DESCRIPTION OF THE TASK
From the line containing "BMW X1 xDrive23d" down to the last line of the material, output each line exactly as it appears, excluding pictures.

DATA SHOWN
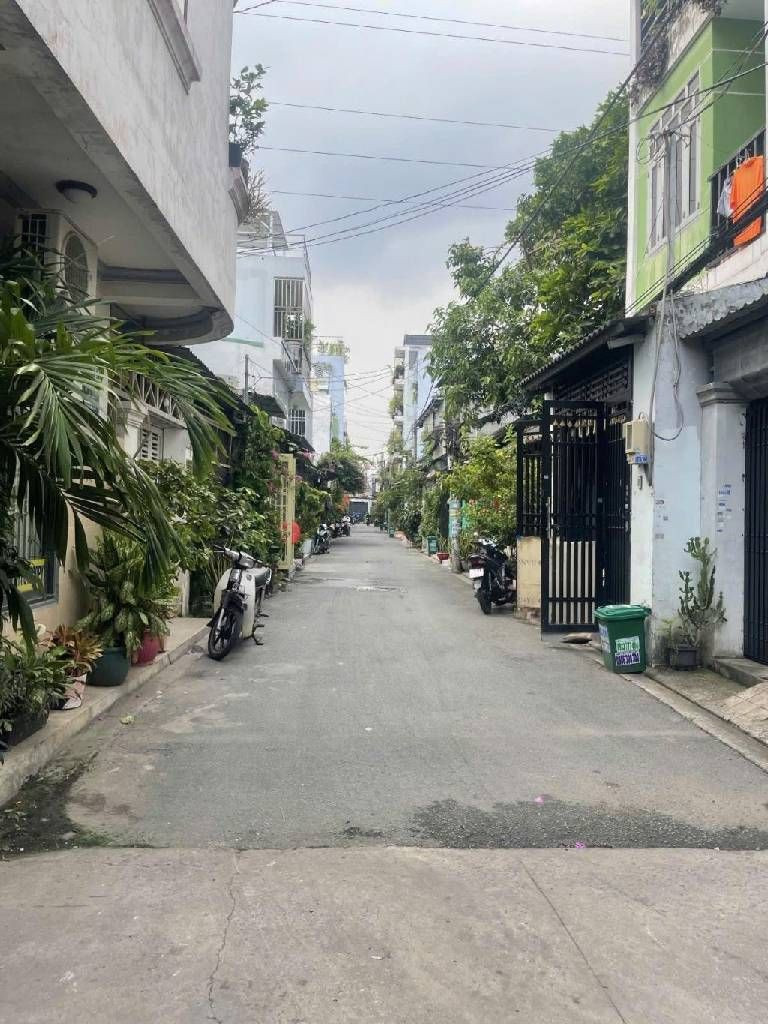 GIÁ ĐẦU TƯ, HẺM XE HƠI, Ngay Ngã Tư Bảy Hiền, Lý Thường Kiệt, Gần Chợ Tân bình. 70M² chỉ 5.5 tỷ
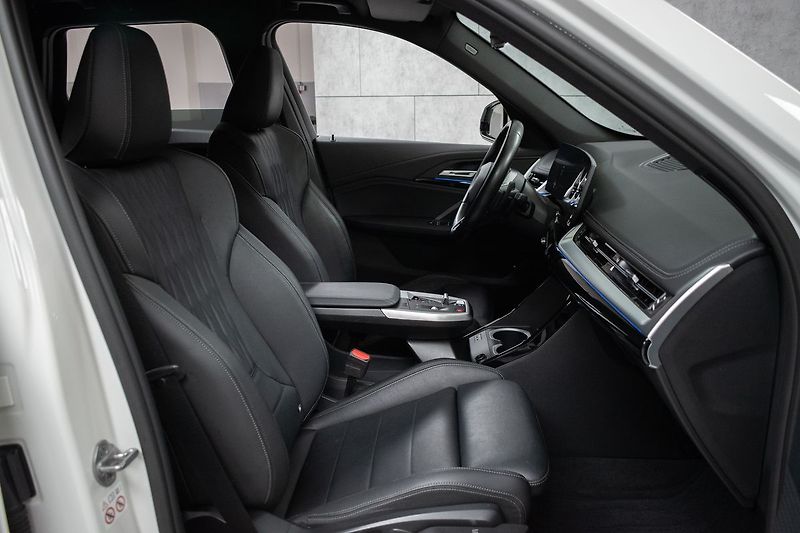 BMW X1 xDrive23d ///M*TAŽNÉ*KESSY* - fotka 14 z 49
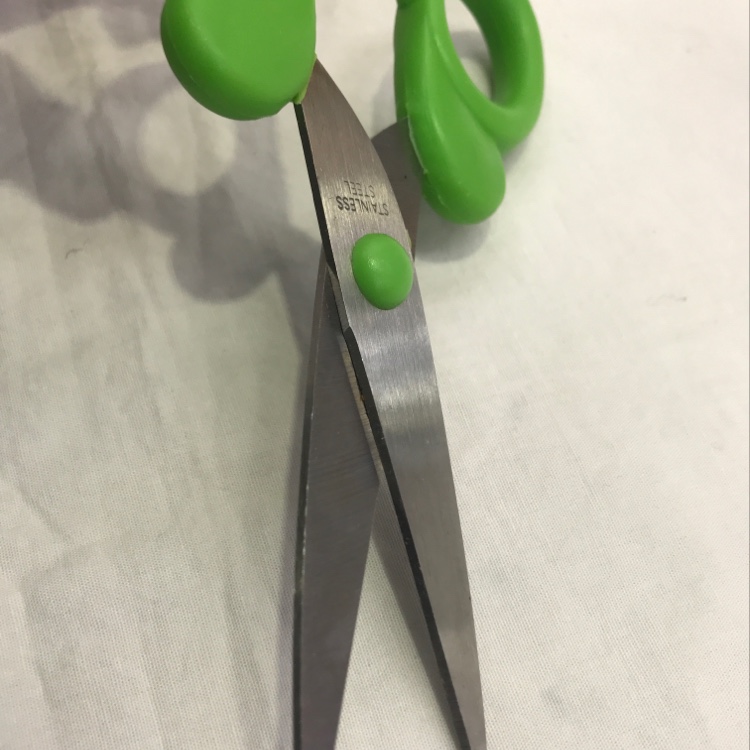 kB2015 Student Scissors Application Scenario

RESULT
 BMW X1 xDrive23d ///M*TAŽNÉ*KESSY* - fotka 14 z 49
 kB2015 Student Scissors Application Scenario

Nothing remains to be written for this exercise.